Die Organisation des Häckseldiensts. Der aktuelle Prozess ist für Einwohnerinnen und Einwohner umständlich und zeitaufwendig. Sie müssen ein Dokument herunterladen, ausdrucken, per Hand ausfüllen und versenden. Mit einem Online-Formular auf «teufen.ch» könnte dieser Prozess deutlich vereinfacht werden.

Wird die Verwaltung irgendwann komplett digital verfügbar sein?

Das glaube ich nicht. Vermutlich wäre das auch nicht sinnvoll. Ausserdem bräuchte es dafür zuerst sowieso die Elektronische Identität. Aber es ist schon so, dass die Bevölkerung sich wünscht, mehr Bürokratie von zuhause aus erledigen zu können.

Auch die Kommunikation der Gemeinde ist inzwischen häufig digital. Wie beurteilen Sie die Kommunikation Teufens?

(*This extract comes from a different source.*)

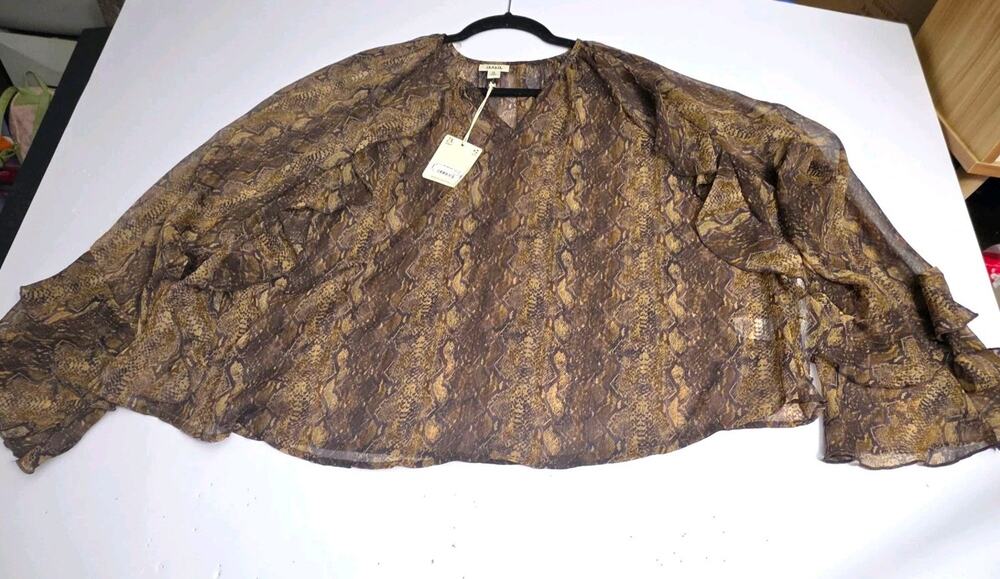 a.n.a Womens Snake Print Chiffon Ruffle Flared Sleeve V-Neck Blouse 2X retail$48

Als gut. Wir versenden regelmässig Newsletter, für die man sich auf der Homepage anmelden kann, informieren die Medien via Mitteilungen – beispielsweise «Aus dem Gemeinderat» – und sind seit einiger Zeit auch auf Instagram und LinkedIn aktiv. Dort haben wir inzwischen etwas über 400 beziehungsweise 200 «Follower».

Der kontinuierliche Wegfall der Lokalmedien ist sicher mit ein Grund dafür, dass die Kommunikation der Gemeinden immer wieder in der Kritik steht.

Also wird die Social-Media-Präsenz geschätzt?

Ja. Wir erhalten oft positive Rückmeldungen. Und es ist auch ein guter Kanal, um sich direkt an die Bevölkerung zu wenden. Sie hatten ja den Weihnachtsgruss von Reto Altherr bereits erwähnt.

War die Datensicherheit ein Thema beim Entscheid, als Gemeinde aus Instagram etc. aktiv zu sein?

Natürlich. Aber wir posten nichts, was nicht öffentlich wäre oder wir nicht auch auf diesen Kanälen publizieren könnten.

Was ist mit der «Tüüfner Poscht»? Ist die Dorfzeitung für Sie eher eine Belastung oder eine Bereicherung?

Eindeutig eine Bereicherung. Der kontinuierliche Wegfall der Lokalmedien ist sicher mit ein Grund dafür, dass die Kommunikation der Gemeinden immer wieder in der Kritik steht. Entsprechend dankbar sind wir für die Arbeit der Tüüfner Poscht.

Schon bald können Sie Ihr zweijähriges Jubiläum bei der Gemeinde Teufen feiern. Haben Sie den Entscheid je bereut?

Nie. Ich finde nicht nur meine Arbeit faszinierend, sondern auch die Gemeinde. Ich wurde hier sehr gut aufgenommen – in der Verwaltung und privat. Teufen ist inzwischen mein Lebensmittelpunkt: Ich arbeite hier, kaufe hier ein, treibe Sport. Es ist eine familiäre und spannende Gemeinde, mit der ich mich gerne identifiziere.